It really depends on who is being helped and the motive for you “helping” them. I’ve had both really good and pretty bad experiences helping and trying to help people with various computer things. As with providing any kind of support, it’s important to get out of your own head and understand what the person your helping wants and needs
As with providing any kind of support, it’s important to get out of your own head and understand what the person your helping wants and needs
Yes because someone that uses MS Word 6-8 hours a day certainly doesn't want to use Linux and have compatibility issues while sharing documents with others who do the same.
I used to think that helping my other dumb grad mates with installing Linux made me look cool and I would be accepted. On the contrary, I looked like an idiot, now that I think of it. i became that weirdo support tech kid for the idiot professors, who could not tell the difference between Java and Javascript.
I guess the worst part is that people will eventually take advantage of you... and demand for more and more hours of your free support, hold whatever you installed against you like "after you did X... Y stopped working" etc. At the end of the day if you're proving free support it must be easy, quick why wouldn't they ask for more.
In their heads your efforts / help doesn't provide any value and if by any chance one day they are in a situation where you could bill them or someone for tech support they would rather call any other random tech support guy or company instead of calling you - after all they're looking for a "professional" now :)

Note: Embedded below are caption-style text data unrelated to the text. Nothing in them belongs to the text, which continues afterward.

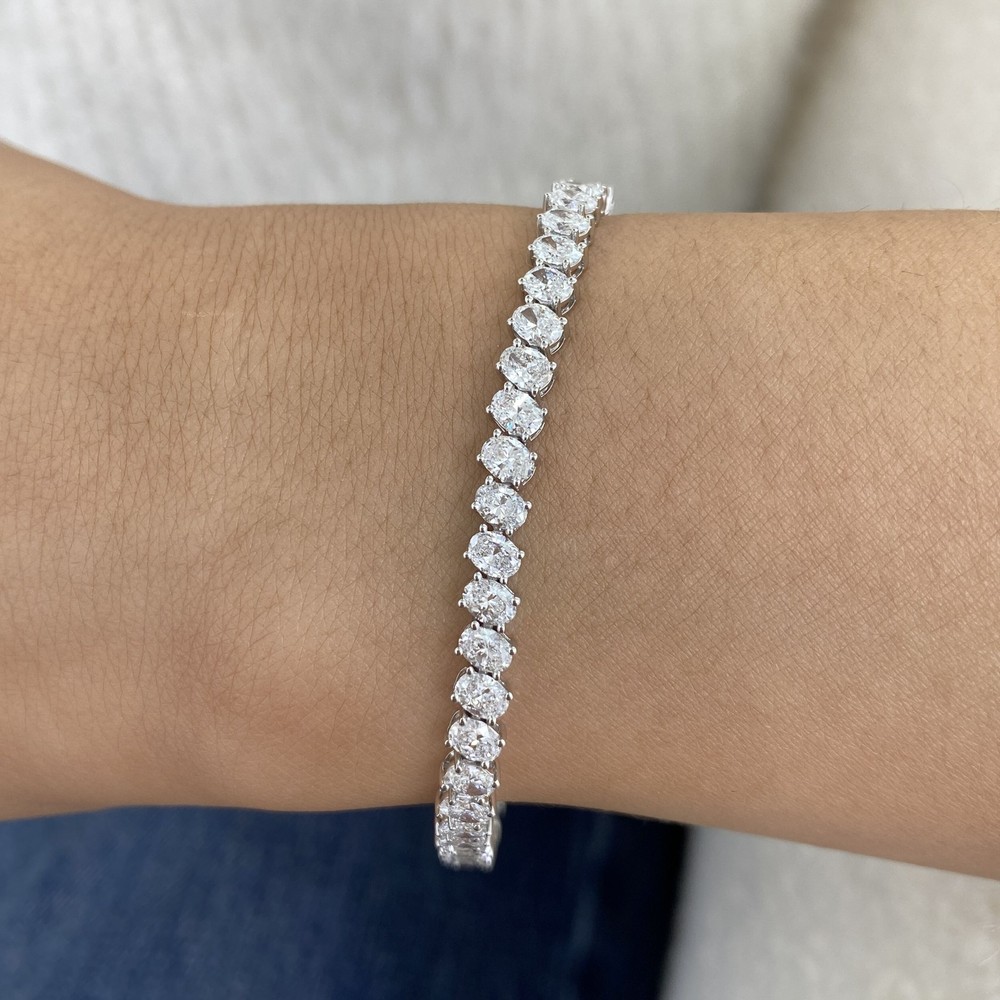 6.9ct TCW Tennis Bracelet White Gold 14K Lab-Grown Diamond F/VS GGL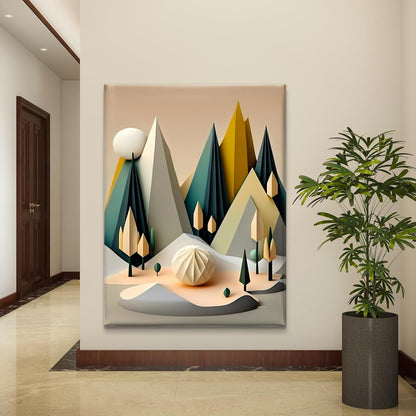 Geometric Mountain Canvas Wall Art | Abstract Forest Landscape with 3D Effect Trees & Sun | Modern Framed Home Décor for Living Room, Bedroom, Office | Ready to Hang (18 x 24 Inch) CVD-491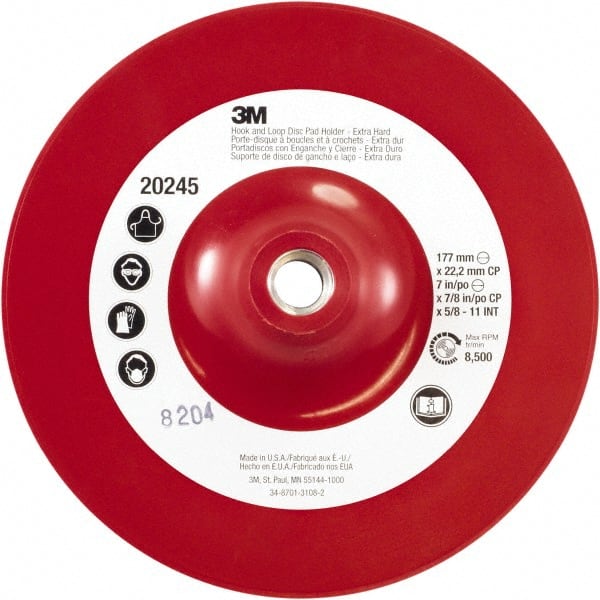 3M - 7" Diam Hook & Loop Disc Backing Pad - Extra Hard Density, 8,500 RPM - Exact Tooling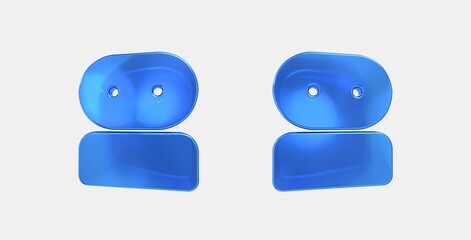 robot 3D icon on isolate white background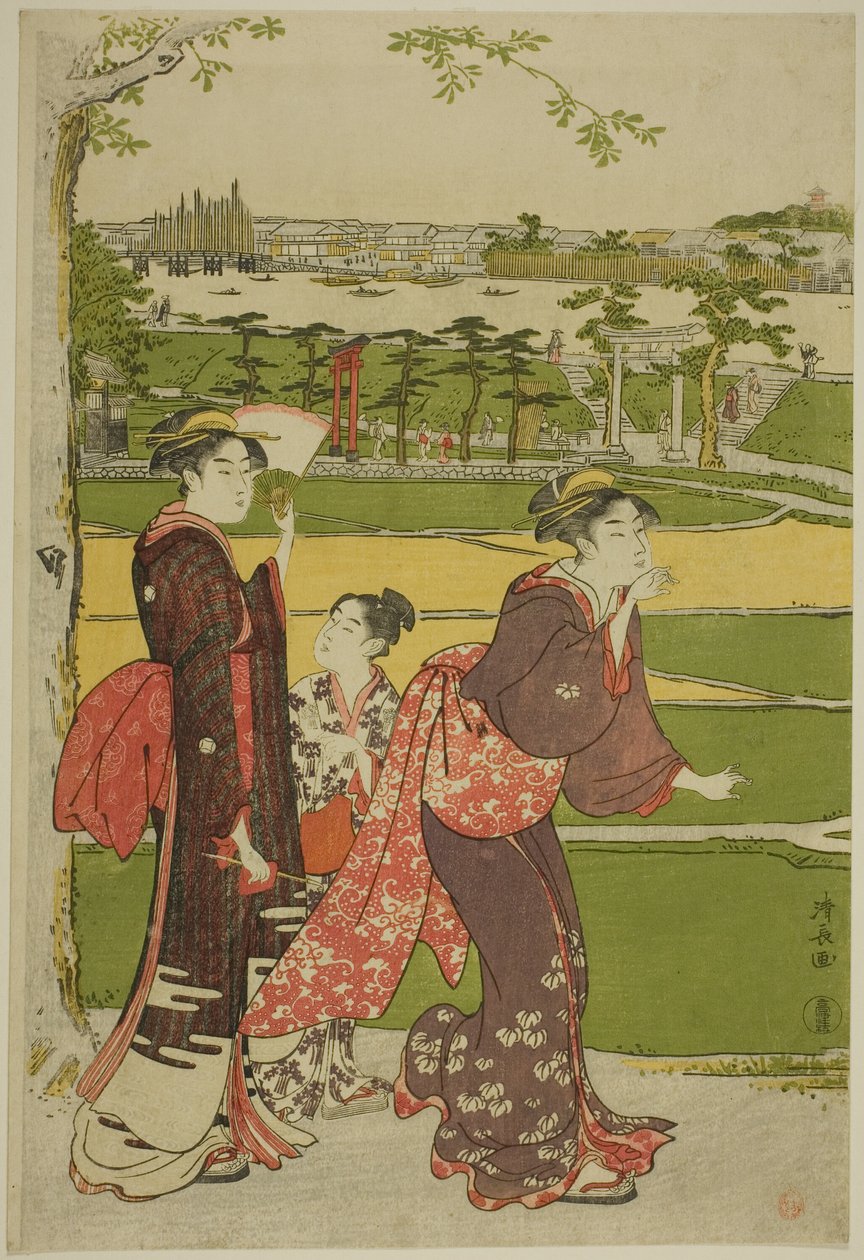 Mimeguri Tapınağını Ziyaret Eden Kadınlar by Torii Kiyonaga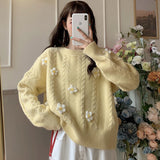 Miss Xue Autumn And Winter New Mahjong Sweater Handmade Three-Dimensional Small Flowers Gentle Wind First Love Knitting Shirt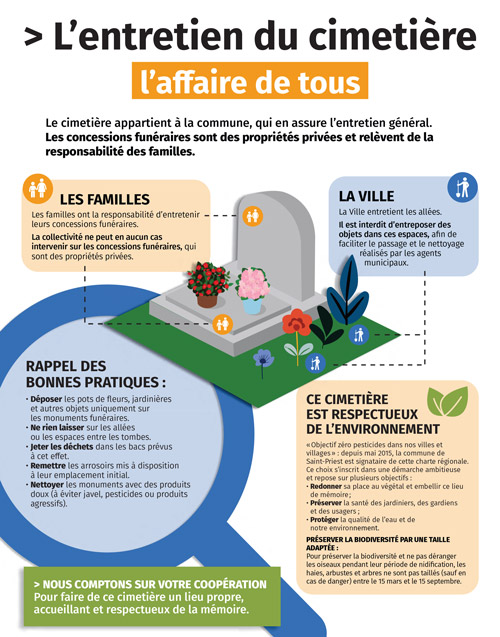 L'entretien du cimetière : l'affaire de tous ! Téléchargez la notice explicative.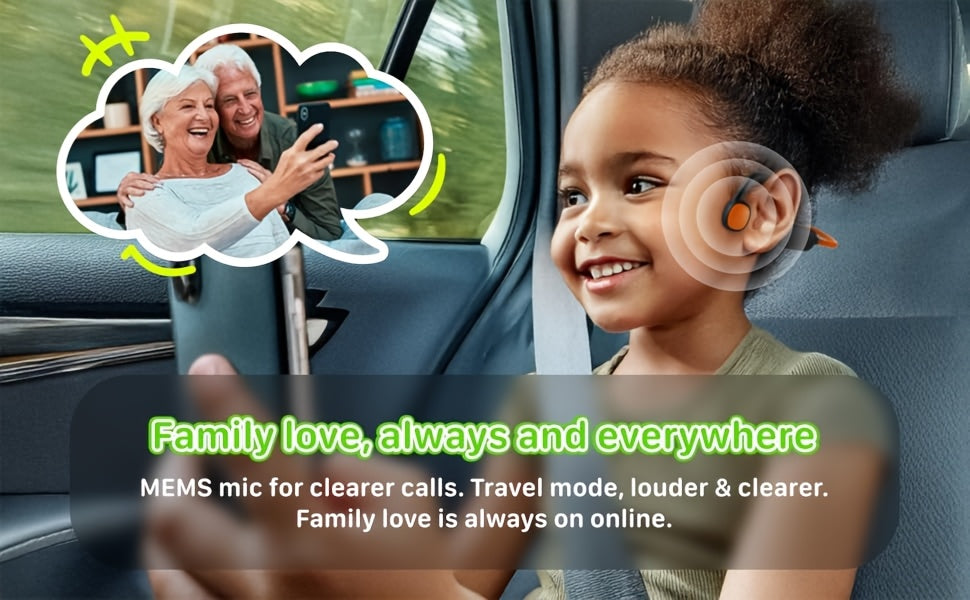 Kids Headphones, Air Conduction Open Ear Headphones, Stereo Sound with Mic, 20H Playtime, Perfect for School And Outdoor Activities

So far I’ve switched 4 people to Linux (with approval and interest obviously, plus unlimited tech support lol). 3 are happier with it than Windows and the other liked Linux but had to switch back to Windows due to some audio production software they needed.
It’s also secretly been an experiment to see what distro is the most user friendly. I have one on Linux Mint, one on Debian, and the other on Fedora Silverblue. All three have been great, but I think the winner is Silverblue so far. I don’t love how quick Silverblue versions become EoL, but it’s also the distro with the easiest updater. It’s an Apple level of simplicity; click update, restart at some point, done. No scary package lists or changelogs, just a nice blue button to press.
Also Flatpak + Flathub continues to be a huge contributor in making Linux friendly to normal people, in my opinion.
I’ve got ZorinOS 17 running on a laptop I share with my partner. Her initial reaction was “what is this?” but now that she’s used to it, she’s been happy.
Silverblue looks quite interesting, I might give it a go in a VM. As long as it kinda looks like Windows it shouldn’t be too hard of a transition
I am fascinated by your user friendliness experiment and I often daydream about conducting one myself. I would be interested in reading a more detailed write-up of the advantages and disadvantages of each option.
For Debian, did you consider setting up unattended upgrades?
Would you consider adding an RHEL/CentOS derivative such as AlmaLinux to the mix? The current version of AlmaLinux is supposed to be supported until 2032. The EPEL repository brings the software selection a little bit closer to Fedora.
I'd also consider CentOS Stream for desktop use, as it's probably a good mix between Fedora and RHEL, being more stable than Fedora and more up-to-date than RHEL.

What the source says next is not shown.